Demonstrators in St. Louis marched through Central West End to protests Israeli military that continue to bomb homes and businesses in the Gaza Strip, East Jerusalem and West Bank.
Demonstrators in St. Louis marched through Central West End to protests Israeli military that continue to bomb homes and businesses in the Gaza Strip, East Jerusalem and West Bank.

Palestinians in St. Louis are watching with anger and dismay as Israeli military forces continue to bomb homes and businesses in Gaza, East Jerusalem and the West Bank.

Neveen Ayesh has not been able to sleep or eat this week, knowing that her aunt, uncle and cousins are in harm’s way in West Bank.

She and other Palestinians in St. Louis are watching with anger and dismay as Israeli military forces continue to bomb homes and businesses in Gaza Strip, East Jerusalem and West Bank.

“I am waiting every morning. I am terrified when I wake up, checking social media, checking with family because we never know,” said Ayesh, a member of the Missouri chapter of American Muslims for Palestine. “Is it going to be my cousin next?
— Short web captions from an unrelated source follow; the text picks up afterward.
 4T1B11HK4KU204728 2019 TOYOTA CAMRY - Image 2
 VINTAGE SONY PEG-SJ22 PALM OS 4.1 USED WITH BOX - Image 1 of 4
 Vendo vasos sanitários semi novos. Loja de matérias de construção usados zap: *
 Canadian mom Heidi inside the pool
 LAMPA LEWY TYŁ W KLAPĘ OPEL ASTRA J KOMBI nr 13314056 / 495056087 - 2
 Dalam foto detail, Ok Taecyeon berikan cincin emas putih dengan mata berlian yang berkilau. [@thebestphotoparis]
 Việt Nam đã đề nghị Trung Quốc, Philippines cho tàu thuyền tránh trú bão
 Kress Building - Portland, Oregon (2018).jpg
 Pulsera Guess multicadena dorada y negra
Is it going to be my uncle?”

Israeli police clashed with Muslim worshippers on the last night of the holy month of Ramadan at Al-Aqsa Mosque, a holy site for Jews and Muslims. Palestinians were outraged that Jewish settlers are trying to evict Palestinians from their homes in the East Jerusalem neighborhood of Sheikh Jarrah.

The violence intensified last week. After Hamas, the militant group that controls Gaza, fired rockets toward Jerusalem, the Israeli military bombarded Gaza. The airstrikes have killed at least 200 people in Gaza, including dozens of children. At least 10 Israelis have been killed in the rocket attacks.
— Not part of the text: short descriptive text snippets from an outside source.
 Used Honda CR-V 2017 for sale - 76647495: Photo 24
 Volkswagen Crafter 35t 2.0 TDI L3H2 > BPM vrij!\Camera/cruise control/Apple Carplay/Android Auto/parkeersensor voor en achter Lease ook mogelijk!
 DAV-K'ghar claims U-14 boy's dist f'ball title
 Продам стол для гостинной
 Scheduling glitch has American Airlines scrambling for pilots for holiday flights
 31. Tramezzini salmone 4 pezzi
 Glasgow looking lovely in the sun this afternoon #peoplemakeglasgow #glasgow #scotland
The waves of violence have Jewish and Palestinian people in the St. Louis region worried about loved ones in Israel and the occupied territories.

Ayesh, a Palestinian American, said she is tired and overwhelmed by the news and social media, but glued to social media.

“We don't want to post anything else to our social media sites unless it has to do with Palestine, because we want to force people around us to seek, to read, to hear to learn to open up their hearts,” said Ayesh, 28.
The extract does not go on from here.